▸ **Your assignment**: Find the line with "Sito per Scuola di cucina | Dalpralab" in the entries below, then output every line from it down to the line with "Dutch Doobadoo Rubber", exactly and with no pictures.

──────── Records for processing

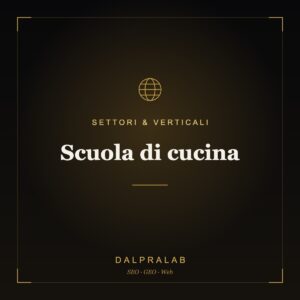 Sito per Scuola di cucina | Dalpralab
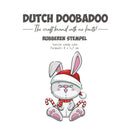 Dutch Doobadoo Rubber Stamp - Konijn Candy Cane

────────────────
──────── Records for processing

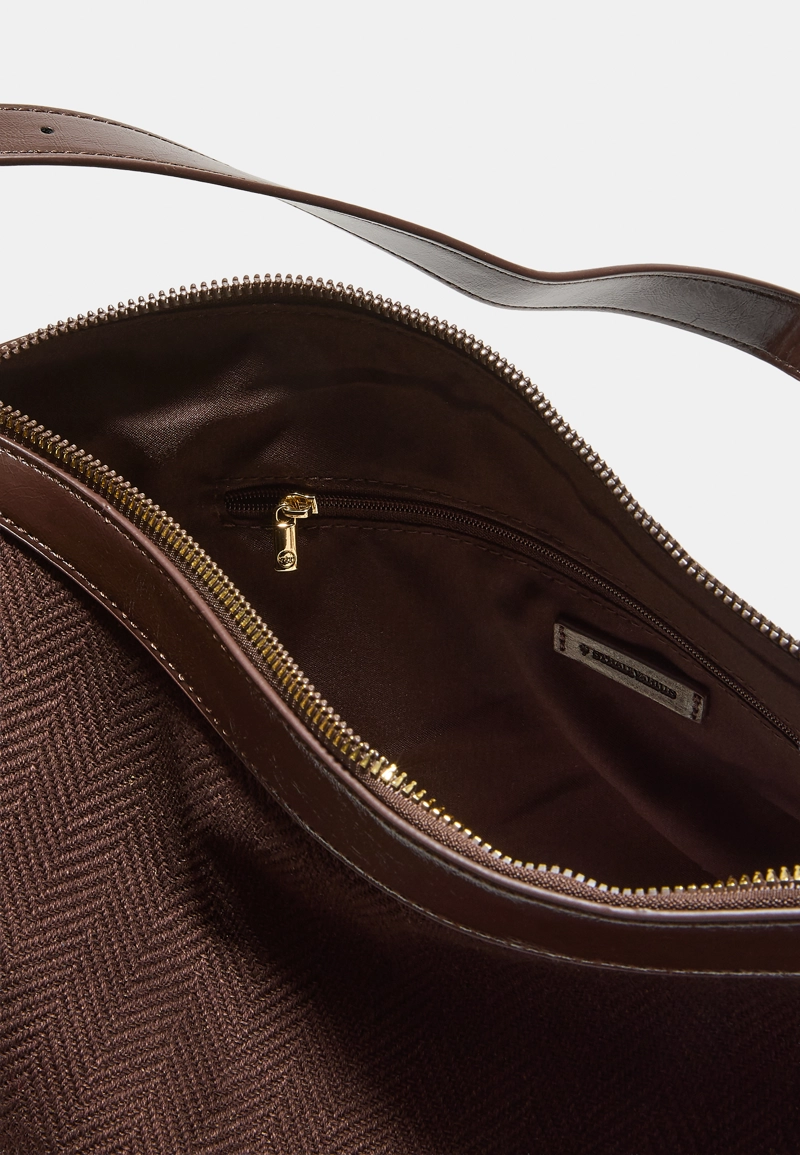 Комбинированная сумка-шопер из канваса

────────────────

▸ **Task result**:
 Sito per Scuola di cucina | Dalpralab
 Dutch Doobadoo Rubber Stamp - Konijn Candy Cane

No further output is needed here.